WHAT YOU WILL DO —
Your reply should contain nothing except the lines from the one with "Y2K Hip-Hop Techwear" through the end of the listing below, reproduced exactly and stripped of pictures.

DATASET EXCERPT —
------------

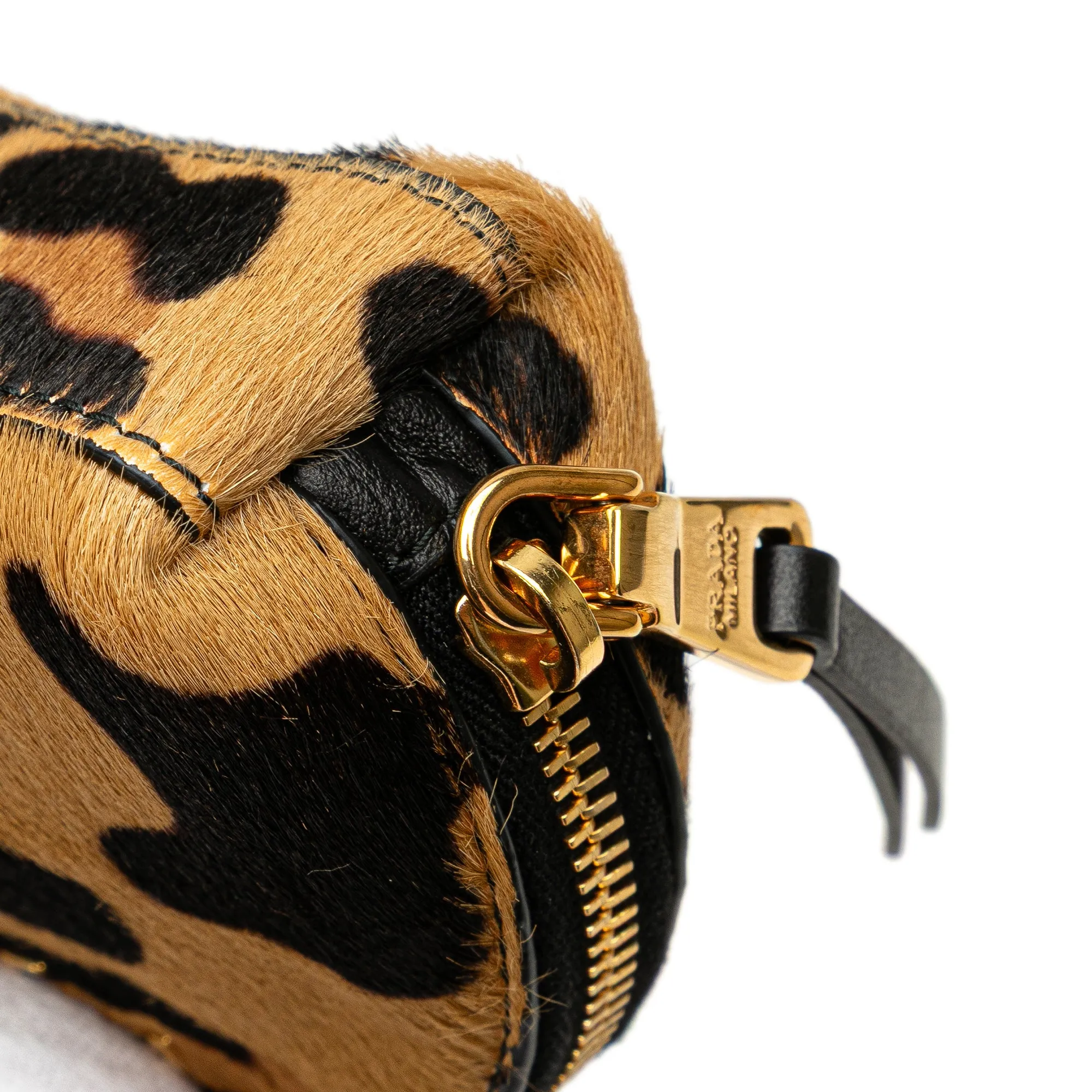 Prada Pony Hair Leopard Print Pouch Brown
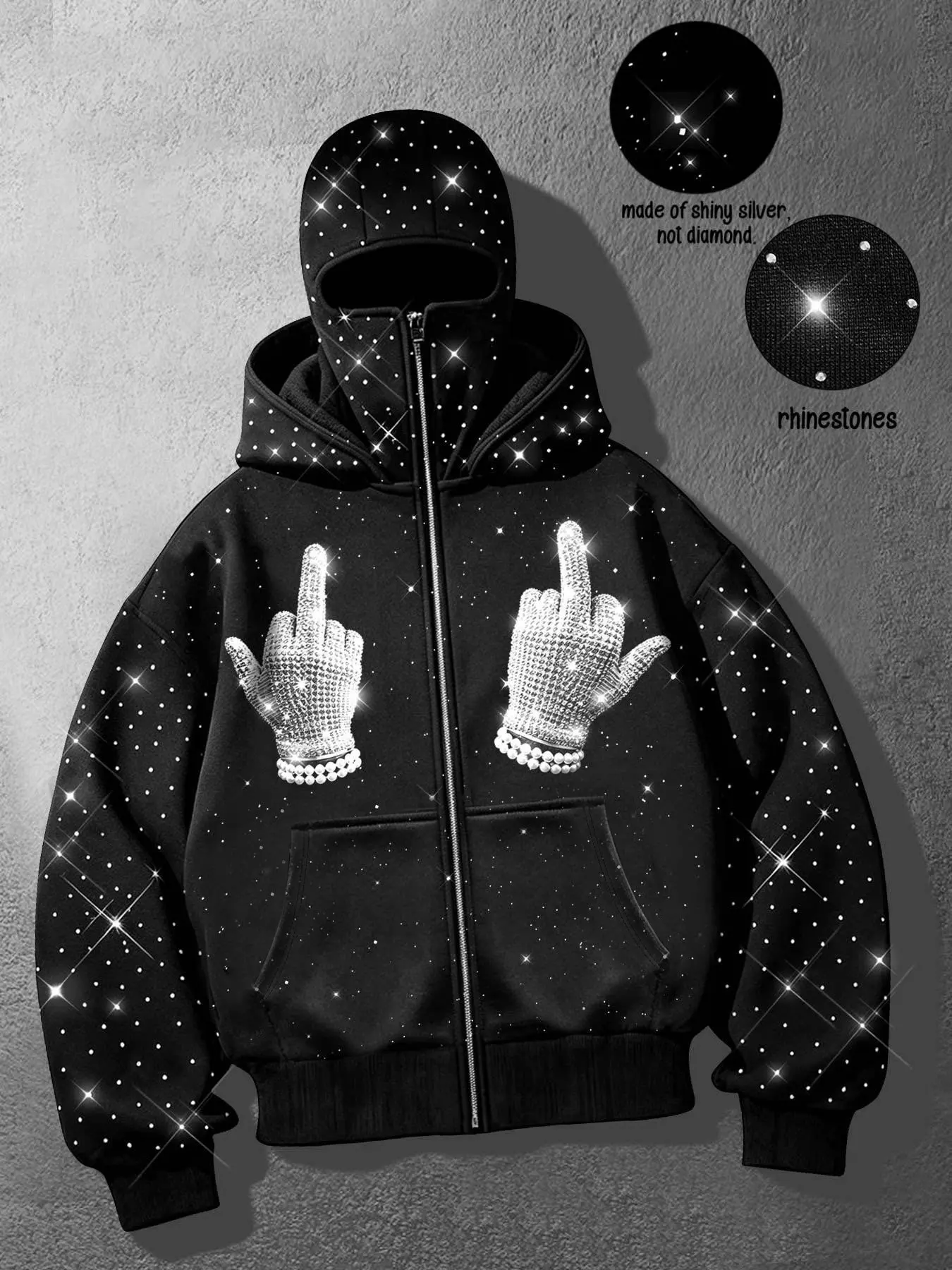 Y2K Hip-Hop Techwear Men's Double-Hooded Zip-Up Jacket – Featuring an all-over silver rhinestone "starlight" motif and diamond-glove graphic; designed with a distinctive double-hood, loose fit, and trendy streetwear style suitable for couples.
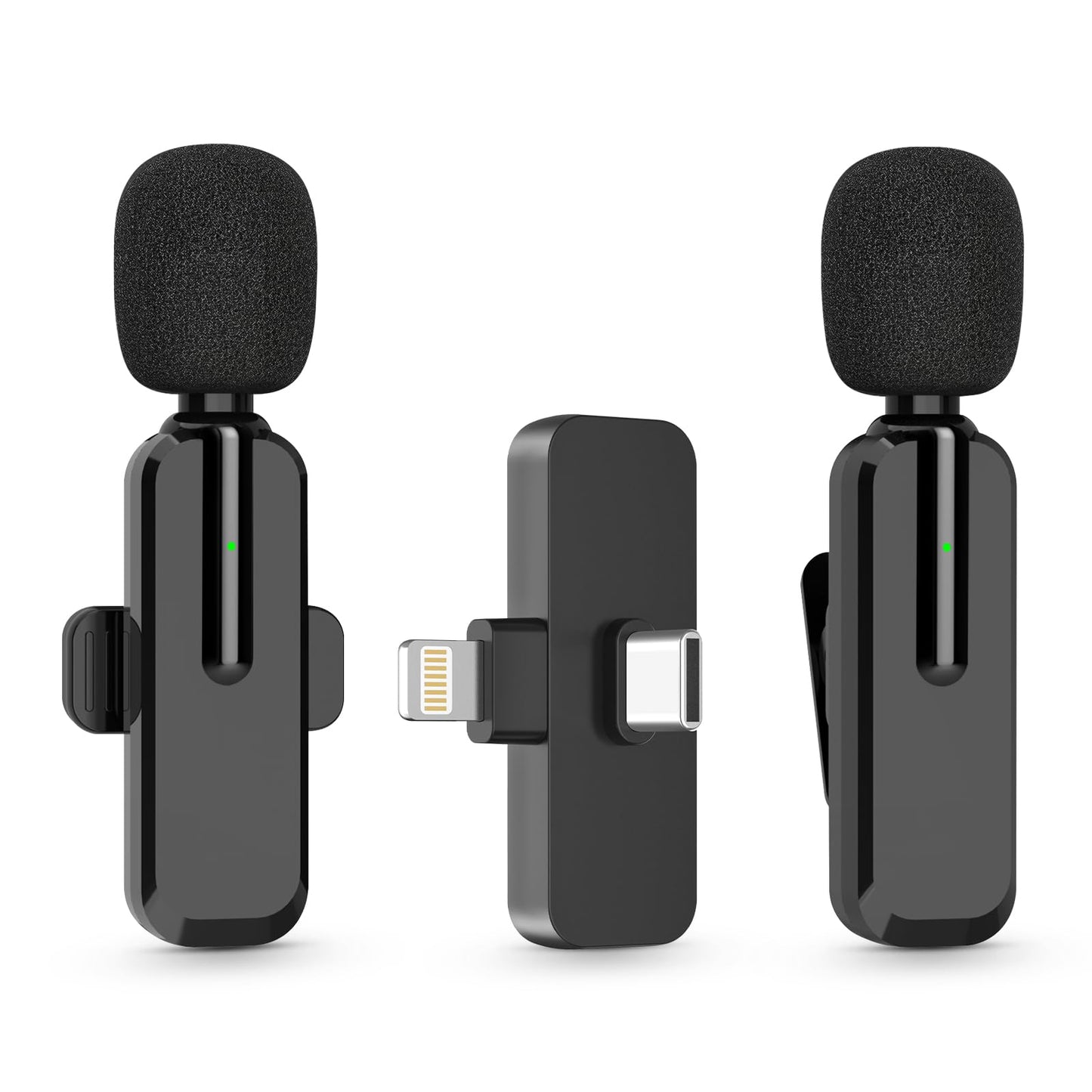 MAYBESTA Wireless Lavalier Microphone for iPhone, iPad, Android - Bluetooth Lapel Phone Mic for Video Recording - Mini Clip on M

------------

SOLUTION TO THIS TASK —
 Y2K Hip-Hop Techwear Men's Double-Hooded Zip-Up Jacket – Featuring an all-over silver rhinestone "starlight" motif and diamond-glove graphic; designed with a distinctive double-hood, loose fit, and trendy streetwear style suitable for couples.
 MAYBESTA Wireless Lavalier Microphone for iPhone, iPad, Android - Bluetooth Lapel Phone Mic for Video Recording - Mini Clip on M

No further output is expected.